Hydrogen restores central tryptophan and metabolite levels and maintains mitochondrial homeostasis to protect rats from chronic mild unpredictable stress damage

The field of hydrogen medicine has garnered extensive attention since Professor Ohsawa established that low concentrations of hydrogen (2%–4%) exert antioxidant effects. The present study aimed to evaluate the therapeutic effect of molecular hydrogen in a CUMS rat model. A total of 40 SD rats were randomly divided into a control group, a model group, a hydrogen group, and a positive drug group. Four weeks post-modeling, hydrogen inhalation and other treatments were administered. Behavioral, biochemical, and immunohistochemical evaluations were performed after treatment. Hydrogen inhalation alleviated depressive behavior and hippocampal neuronal damage in CUMS rats, as well as restored the levels of neurotransmitters, inflammatory factors, and oxidative stress.

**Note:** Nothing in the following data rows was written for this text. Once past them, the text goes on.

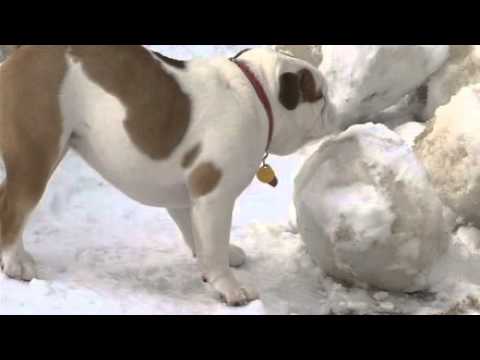 Ice boulders roll onto shores of Lake Michigan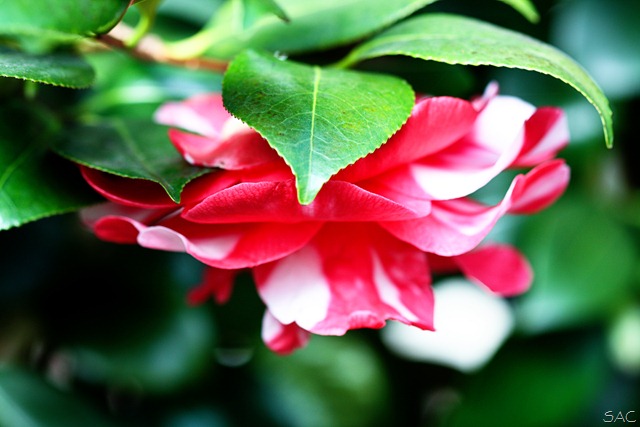 [IMG_3852e29.jpg]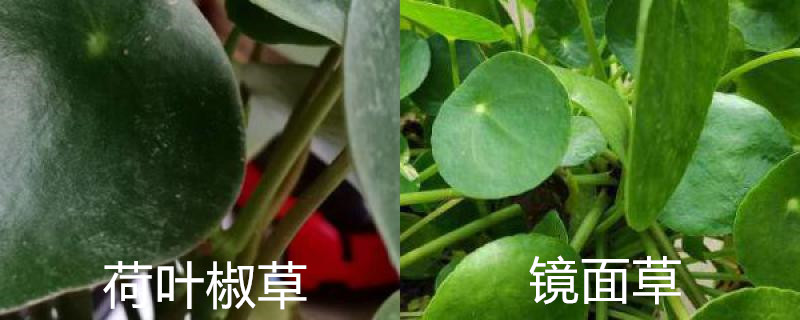 荷叶椒草和镜面草的区别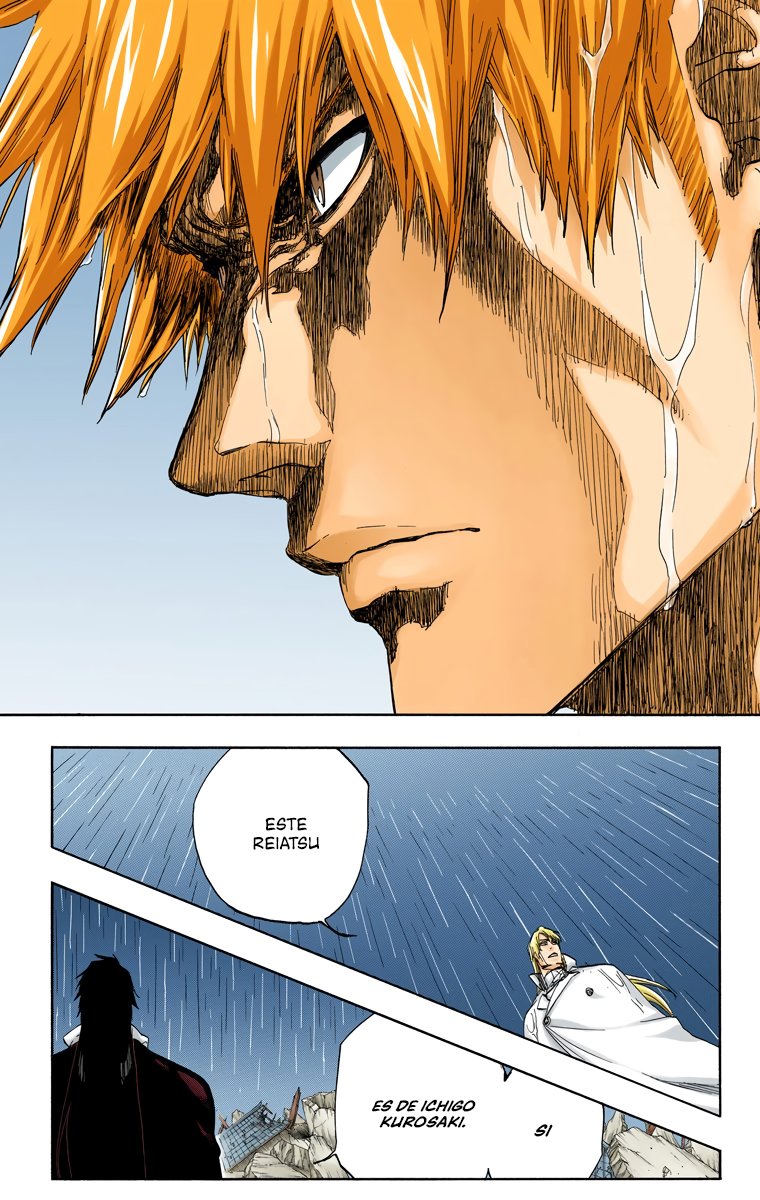 Read Bleach Full Color ES Manga Online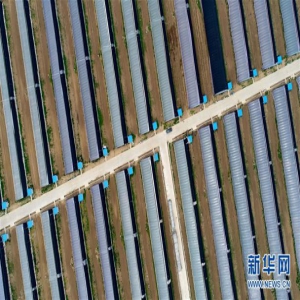 河北乐亭：农业园区建设助推乡村振兴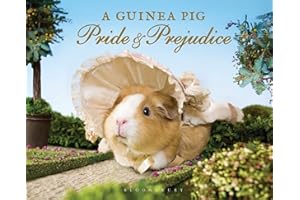A Guinea Pig Pride & Prejudice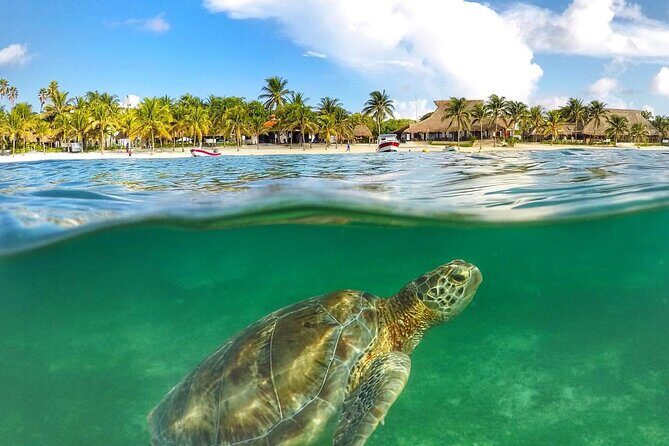Turtles & Tulum Ruins! Round Transportation from Tulum City - An In-Depth Look at the Experience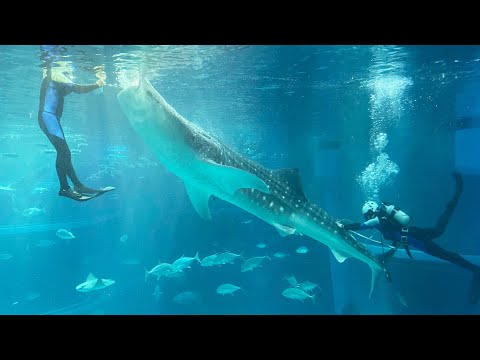 【海遊館】ジンベエザメの体長測定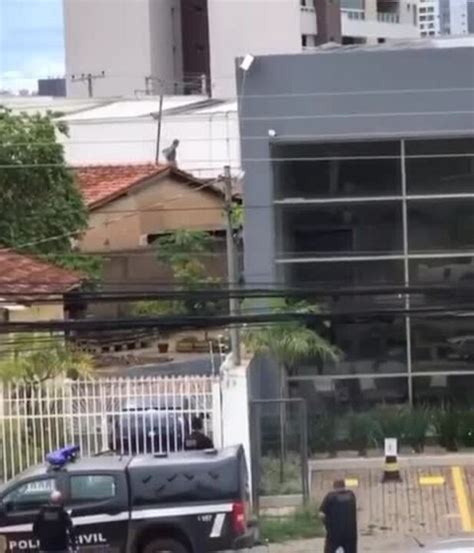 Vídeo Homem Tenta Fugir Da Polícia Pulando Telhados E é Preso Mato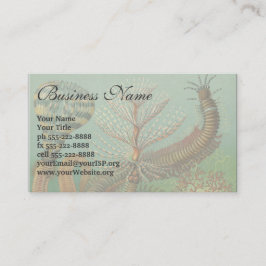 ヴィンテージミズアニッドチェトポダバイエルンストハエッケル 名刺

Moreover, it maintained mitochondrial homeostasis and up-regulated the expression of PGC-1α, PINK1, and Parkin. The results collectively indicated that hydrogen significantly attenuated CUMS-induced depressive-like behavior and monoamine neurotransmitter deficiency, as well as protected the brain from oxidative stress and inflammatory damage and effectively preserved mitochondrial homeostasis. •Protecting mitochondrial homeostasis helps to reduce oxidative stress and inflammatory response in depression.•Hydrogen is a safe and effective medical gas without toxicity and discomfort.•Molecules hydrogen are particularly protective of mitophagy and mitochondrial biosynthesis.•Molecular hydrogen promoted a significant recovery of 5-HT and kynurenine levels.